» **What this task involves**: Say how many lines in the records include the string "Natural", adding no other words.

[Items from a data source]
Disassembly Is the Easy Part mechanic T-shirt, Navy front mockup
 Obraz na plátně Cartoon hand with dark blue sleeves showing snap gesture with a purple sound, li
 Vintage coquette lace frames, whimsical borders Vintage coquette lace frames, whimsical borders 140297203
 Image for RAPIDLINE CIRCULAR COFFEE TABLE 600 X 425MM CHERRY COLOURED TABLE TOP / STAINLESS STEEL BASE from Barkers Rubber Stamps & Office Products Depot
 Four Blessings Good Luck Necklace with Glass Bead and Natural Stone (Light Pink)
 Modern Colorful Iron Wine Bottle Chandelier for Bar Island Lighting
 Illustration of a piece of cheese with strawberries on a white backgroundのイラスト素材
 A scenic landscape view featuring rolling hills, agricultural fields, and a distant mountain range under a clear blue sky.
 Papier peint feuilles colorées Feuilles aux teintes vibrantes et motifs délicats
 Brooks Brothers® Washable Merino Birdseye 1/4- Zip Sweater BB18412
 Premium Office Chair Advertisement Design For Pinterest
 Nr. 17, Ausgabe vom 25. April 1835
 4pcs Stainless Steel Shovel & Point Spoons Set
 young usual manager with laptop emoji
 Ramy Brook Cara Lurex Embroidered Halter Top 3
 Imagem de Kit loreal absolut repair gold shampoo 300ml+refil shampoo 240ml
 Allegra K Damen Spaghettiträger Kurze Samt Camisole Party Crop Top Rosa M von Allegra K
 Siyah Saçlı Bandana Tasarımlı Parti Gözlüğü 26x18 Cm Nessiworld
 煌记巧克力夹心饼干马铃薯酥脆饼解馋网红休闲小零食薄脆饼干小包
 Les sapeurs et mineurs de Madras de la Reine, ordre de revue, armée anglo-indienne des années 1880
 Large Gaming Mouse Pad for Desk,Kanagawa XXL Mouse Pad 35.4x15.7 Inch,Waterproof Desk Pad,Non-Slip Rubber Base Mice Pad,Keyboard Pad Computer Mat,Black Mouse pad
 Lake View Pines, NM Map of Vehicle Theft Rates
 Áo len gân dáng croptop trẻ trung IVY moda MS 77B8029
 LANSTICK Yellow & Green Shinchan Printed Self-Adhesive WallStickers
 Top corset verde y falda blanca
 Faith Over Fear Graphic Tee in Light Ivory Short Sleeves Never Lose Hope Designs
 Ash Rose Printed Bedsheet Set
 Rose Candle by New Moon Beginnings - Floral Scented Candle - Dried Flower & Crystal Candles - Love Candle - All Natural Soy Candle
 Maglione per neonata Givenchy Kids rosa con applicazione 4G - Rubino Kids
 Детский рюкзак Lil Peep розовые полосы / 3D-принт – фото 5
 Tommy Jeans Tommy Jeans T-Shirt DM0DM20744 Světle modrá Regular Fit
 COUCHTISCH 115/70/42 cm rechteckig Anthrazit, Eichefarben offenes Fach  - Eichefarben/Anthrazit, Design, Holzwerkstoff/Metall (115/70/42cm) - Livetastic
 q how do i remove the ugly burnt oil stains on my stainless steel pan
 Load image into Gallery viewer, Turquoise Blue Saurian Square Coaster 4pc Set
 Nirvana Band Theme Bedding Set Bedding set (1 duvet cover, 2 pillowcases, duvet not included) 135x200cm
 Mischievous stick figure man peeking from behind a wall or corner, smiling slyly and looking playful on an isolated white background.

» **Exercise response**: 2